Erste Schritte wurden bereits getan. Der Psychologe Daniel Kahneman erhielt 1969 den Nobelpreis für seine unkonventionellen Einsichten in menschliches Verhalten, allerdings eben in Ökonomie. Amartya Sen hat ethische Fragen in die Ökonomie hineingetragen und den Nobelpreis 1998 erhalten. Warum sollte man nicht im gleichen Sinn zum Beispiel die Arbeiten von Richard Sennett, Zygmunt Bauman oder des Schweizer Ökonomen Bruno S. Frey als Werke der Sozialwissenschaften nobilitieren?
Im Grunde ist die Idee von Luyendijk viel revolutionärer als alle Reparaturempfehlungen der Wirtschafts-Ingenieure. Denn würde man sie ernst nehmen, dann bedeutete dies zweierlei. Sie stellten erstens den Menschen, wie er leibt und lebt, ins Zentrum des ökonomischen Universums; und sie lehrten zweitens eine gewisse erkenntnistheoretische Demut in Form eines soliden Verständnisses der Tatsache, dass jegliches Modellieren unzureichend bleibt.

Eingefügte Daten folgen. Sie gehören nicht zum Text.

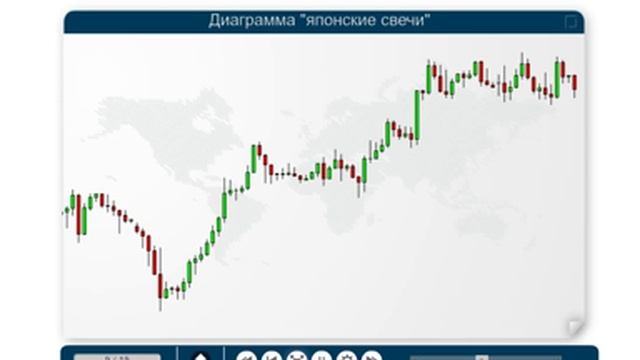 Анализ Рынка как анализировать рынок смотреть онлайн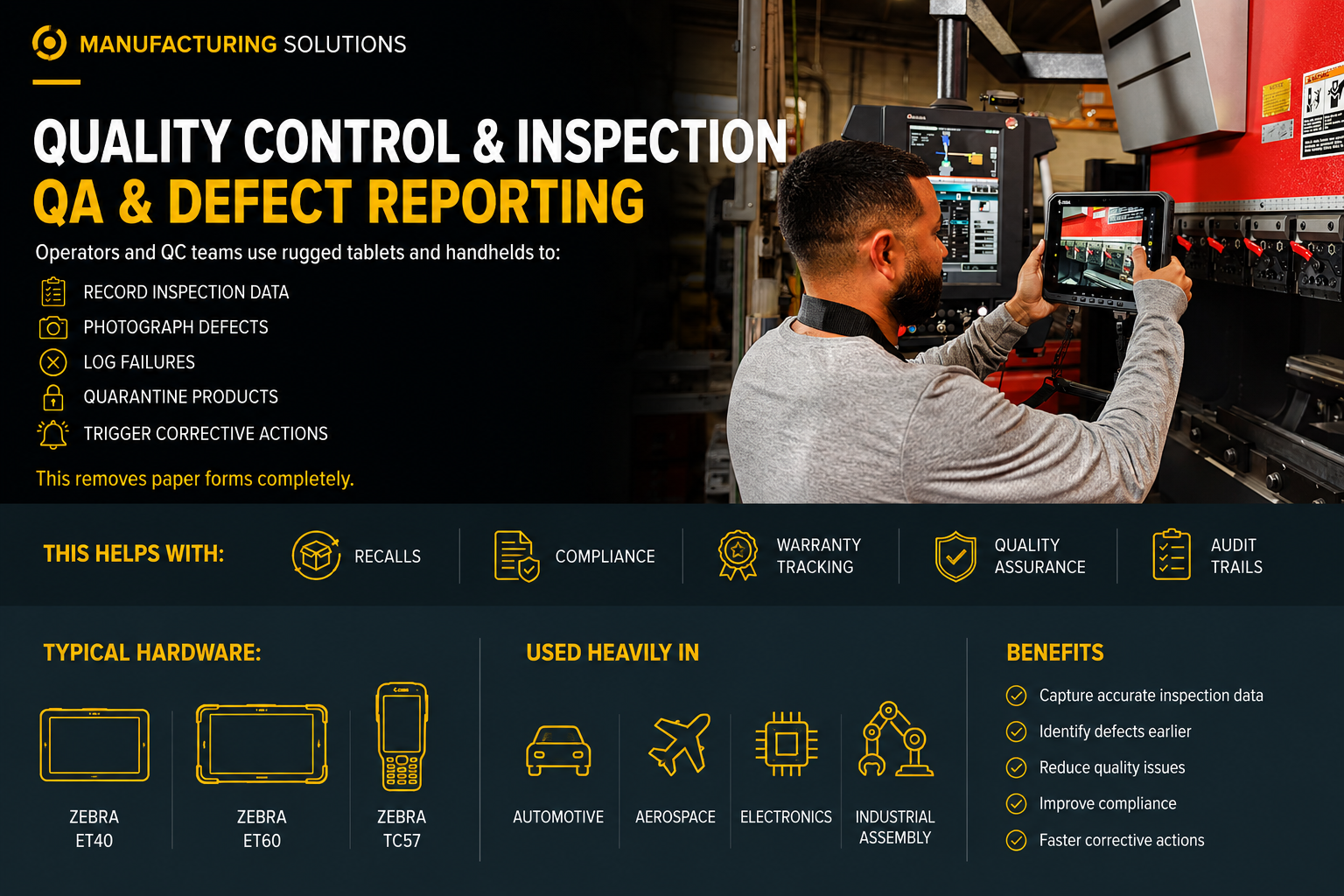 Quality Control & Inspection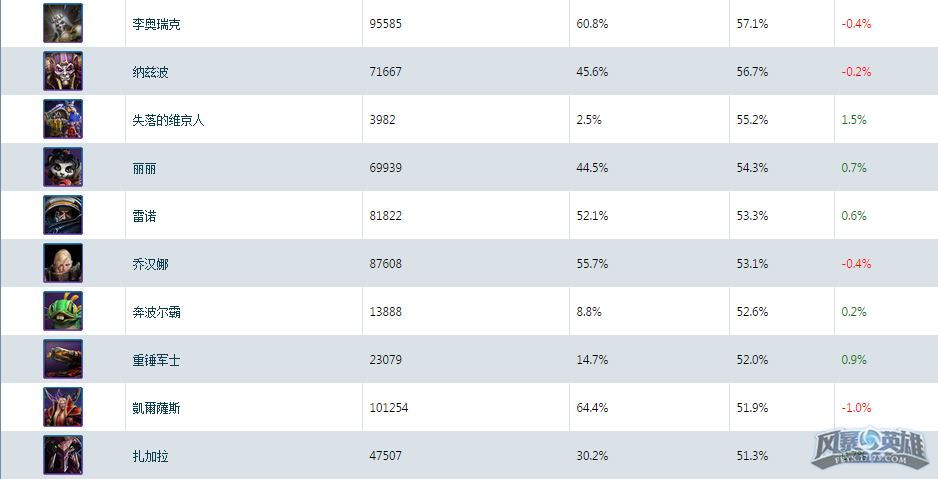 风暴英雄排位英雄等级深度解析与战术策略探讨
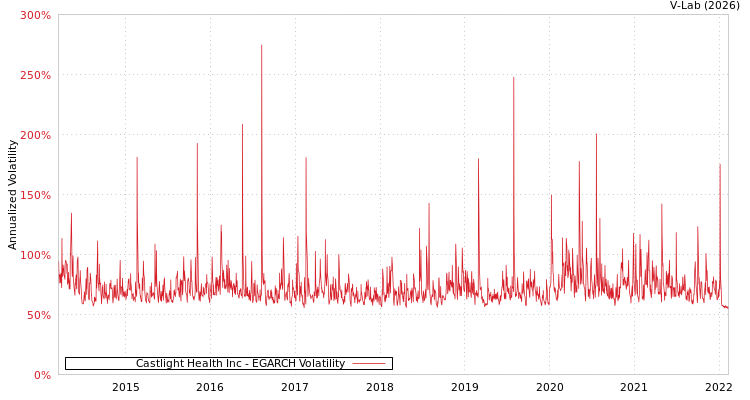graph of Castlight Health Inc EGARCH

Wer also die Ökonomie durch die Übernahme des mathematischen Werkzeugs auf den Level der exakten Wissenschaften zu bringen und so zu stärken versucht, sollte eine robuste Dosis erkenntnistheoretischer Skepsis mitbringen. Statt dem Drang nachzugeben, zur Physik der Sozialwissenschaften werden zu wollen, sollte die Ökonomie sich selbst als Sozialwissenschaft umdefinieren. Das bricht ihr keinen Zacken aus der Krone. Im Gegenteil: Erst so wird sie erwachsen.